Whelchel & Carlton, Kyle Taylor Swann, Thomasville, for Appellant.
Donsbach Law Group, John Andrew Donsbach, Augusta, for Appellee.
McMillian, Presiding Judge. In this declaratory judgment action, Douglas DeMott, as executor of the estate of Richard DeMott, appeals from the trial court’s order granting partial summary judgment in favor of plaintiff Cynthia DeMott regarding the interpretation of her late husband’s will, in particular, the conditions placed on a life estate devised to Cynthia. In his sole enumeration of error, Douglas asserts that the trial court erred in construing the plain language of the will. As more fully set forth below, we find that the trial court erred in finding the language of the will unambiguous and reverse.
For clarity, we will refer to the decedent and the parties by their first names.
The construction of a will is a question of law, which we review de novo. See Blalock v. Cartwright , 300 Ga. 884, 885 (I), 799 S.E.2d 225 (2017). The record shows that Richard and Cynthia married on June 28, 2013, and Richard unfortunately died less than two years later. His brother Douglas was appointed executor of his will. Prior to his death, Richard and Cynthia lived in the "McNeal House" at 251 DeMott Road in Hartsfield, Georgia.
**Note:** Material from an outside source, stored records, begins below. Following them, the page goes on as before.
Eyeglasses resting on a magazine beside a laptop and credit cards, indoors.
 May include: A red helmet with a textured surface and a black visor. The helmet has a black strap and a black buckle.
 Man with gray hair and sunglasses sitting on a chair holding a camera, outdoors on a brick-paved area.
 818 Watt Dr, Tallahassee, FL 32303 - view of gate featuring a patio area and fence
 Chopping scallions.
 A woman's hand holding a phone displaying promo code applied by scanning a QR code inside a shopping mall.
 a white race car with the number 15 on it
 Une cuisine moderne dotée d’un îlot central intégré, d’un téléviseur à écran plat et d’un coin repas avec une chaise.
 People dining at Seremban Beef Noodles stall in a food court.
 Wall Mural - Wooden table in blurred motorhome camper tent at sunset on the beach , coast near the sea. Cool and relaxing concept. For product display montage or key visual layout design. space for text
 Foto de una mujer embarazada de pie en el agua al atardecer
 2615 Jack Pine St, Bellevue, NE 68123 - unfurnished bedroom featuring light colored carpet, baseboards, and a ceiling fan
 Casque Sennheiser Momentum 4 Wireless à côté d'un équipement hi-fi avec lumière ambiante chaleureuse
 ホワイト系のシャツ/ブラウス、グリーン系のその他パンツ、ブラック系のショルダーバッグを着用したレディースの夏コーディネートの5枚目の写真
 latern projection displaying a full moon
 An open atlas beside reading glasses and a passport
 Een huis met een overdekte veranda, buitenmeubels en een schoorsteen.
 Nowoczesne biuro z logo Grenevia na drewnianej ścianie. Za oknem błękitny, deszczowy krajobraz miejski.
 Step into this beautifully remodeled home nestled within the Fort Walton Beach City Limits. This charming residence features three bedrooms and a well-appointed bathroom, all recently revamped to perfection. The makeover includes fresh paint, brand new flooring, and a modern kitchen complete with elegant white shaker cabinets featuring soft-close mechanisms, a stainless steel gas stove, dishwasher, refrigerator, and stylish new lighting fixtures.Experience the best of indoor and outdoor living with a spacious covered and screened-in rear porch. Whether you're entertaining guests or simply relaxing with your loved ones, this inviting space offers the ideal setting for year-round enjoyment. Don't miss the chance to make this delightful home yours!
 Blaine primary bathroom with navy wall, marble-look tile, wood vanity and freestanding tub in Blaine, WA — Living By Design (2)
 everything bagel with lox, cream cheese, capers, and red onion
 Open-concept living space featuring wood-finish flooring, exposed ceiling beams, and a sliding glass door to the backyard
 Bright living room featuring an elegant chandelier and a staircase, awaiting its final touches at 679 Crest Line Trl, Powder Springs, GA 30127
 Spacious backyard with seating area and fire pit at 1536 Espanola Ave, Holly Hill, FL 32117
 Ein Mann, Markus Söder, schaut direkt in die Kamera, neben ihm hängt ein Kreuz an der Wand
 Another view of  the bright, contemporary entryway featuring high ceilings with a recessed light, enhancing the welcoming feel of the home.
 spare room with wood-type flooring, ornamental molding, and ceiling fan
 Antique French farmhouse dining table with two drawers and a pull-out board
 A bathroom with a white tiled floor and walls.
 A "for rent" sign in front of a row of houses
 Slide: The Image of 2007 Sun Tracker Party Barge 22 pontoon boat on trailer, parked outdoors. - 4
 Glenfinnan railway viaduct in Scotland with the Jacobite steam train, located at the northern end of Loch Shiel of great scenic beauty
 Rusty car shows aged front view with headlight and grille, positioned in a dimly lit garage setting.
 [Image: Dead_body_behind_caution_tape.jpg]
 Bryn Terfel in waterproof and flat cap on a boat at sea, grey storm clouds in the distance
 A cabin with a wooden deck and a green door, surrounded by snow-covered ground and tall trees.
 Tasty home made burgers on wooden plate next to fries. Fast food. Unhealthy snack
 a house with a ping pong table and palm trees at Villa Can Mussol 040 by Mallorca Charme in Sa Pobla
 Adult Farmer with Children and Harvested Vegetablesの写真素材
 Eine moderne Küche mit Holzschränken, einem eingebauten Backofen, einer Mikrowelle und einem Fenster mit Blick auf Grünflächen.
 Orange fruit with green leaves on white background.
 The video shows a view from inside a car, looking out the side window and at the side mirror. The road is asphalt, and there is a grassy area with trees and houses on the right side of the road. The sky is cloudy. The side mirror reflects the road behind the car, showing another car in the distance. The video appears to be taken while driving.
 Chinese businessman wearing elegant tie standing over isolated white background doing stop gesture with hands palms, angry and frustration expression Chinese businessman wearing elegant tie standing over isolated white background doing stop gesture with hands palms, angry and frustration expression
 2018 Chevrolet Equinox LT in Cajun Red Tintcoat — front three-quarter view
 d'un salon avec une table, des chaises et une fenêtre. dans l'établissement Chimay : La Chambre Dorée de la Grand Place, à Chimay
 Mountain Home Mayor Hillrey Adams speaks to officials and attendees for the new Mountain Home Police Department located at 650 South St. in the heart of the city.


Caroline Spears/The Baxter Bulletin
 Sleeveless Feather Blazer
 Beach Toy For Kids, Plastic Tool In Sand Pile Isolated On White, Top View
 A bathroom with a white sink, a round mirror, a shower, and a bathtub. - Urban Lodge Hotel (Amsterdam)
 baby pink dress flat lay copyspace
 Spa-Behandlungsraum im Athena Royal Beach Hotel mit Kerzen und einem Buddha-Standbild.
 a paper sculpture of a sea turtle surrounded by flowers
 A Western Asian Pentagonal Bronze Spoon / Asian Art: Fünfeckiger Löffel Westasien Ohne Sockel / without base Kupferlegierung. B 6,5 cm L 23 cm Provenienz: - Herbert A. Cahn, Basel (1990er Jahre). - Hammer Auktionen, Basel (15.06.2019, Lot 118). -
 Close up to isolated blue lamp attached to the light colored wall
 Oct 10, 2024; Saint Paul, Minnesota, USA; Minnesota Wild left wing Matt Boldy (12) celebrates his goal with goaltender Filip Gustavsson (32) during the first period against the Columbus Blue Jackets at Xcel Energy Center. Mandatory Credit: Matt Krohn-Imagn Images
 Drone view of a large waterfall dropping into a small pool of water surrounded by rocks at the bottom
The McNeal House is one of fourteen houses on a large piece of land owned by a company known as Gin Creek, LLC, which Richard and Douglas owned and used to host weddings and other gatherings.
See v. Mitchell , 287 Ga. 551, 552, 700 S.E.2d 338 (2010).
The will was signed by Richard in September 2014.
Many of the houses on the property are used as rental homes for clients.
In Item II (a) of his will, Richard devised a life estate in the McNeal House to Cynthia as follows:
It is my desire that my spouse, Cynthia Slocumb DeMott, shall have the right to live [in] our home, subject to any indebtedness secured thereby, for as long as she so desires provided that she resides in the home as her primary residence for at least nine months out of the year and so long as she remains unmarried. At my spouse[’]s death, remarriage or at such time as she fails to live in our home as her primary residence for at least nine months out of the year, all interest in my home shall pass to Gin Creek, LLC.
On March 13, 2017, Cynthia received a letter from Douglas’ counsel alleging that she had only resided in the McNeal House for a total of 60 days in the prior year and demanding possession of the property. Cynthia refused and filed a complaint for declaratory judgment, seeking a construction and interpretation of the will regarding her life estate. In the course of the proceedings, the parties stipulated that the will is unambiguous, such that the trial court should interpret the will as a matter of law without parol evidence. The parties also agreed that the pending motion for interlocutory injunction would be converted into a motion for partial summary judgment. Following a hearing, the trial court granted partial summary judgment in favor of Cynthia, finding that the will does not require Cynthia to physically live in the home for any amount of time so long as she intends to reside in the home as her primary residence for at least nine months out of the year. This appeal followed.
Douglas asserts that the trial court erred in its interpretation and urges us to find that the will requires Cynthia to physically live in the McNeal House for at least nine months out of the year. On the other hand, Cynthia maintains that as long as she intends to use the McNeal House as her primary residence, even if she physically stays elsewhere, she retains the life estate.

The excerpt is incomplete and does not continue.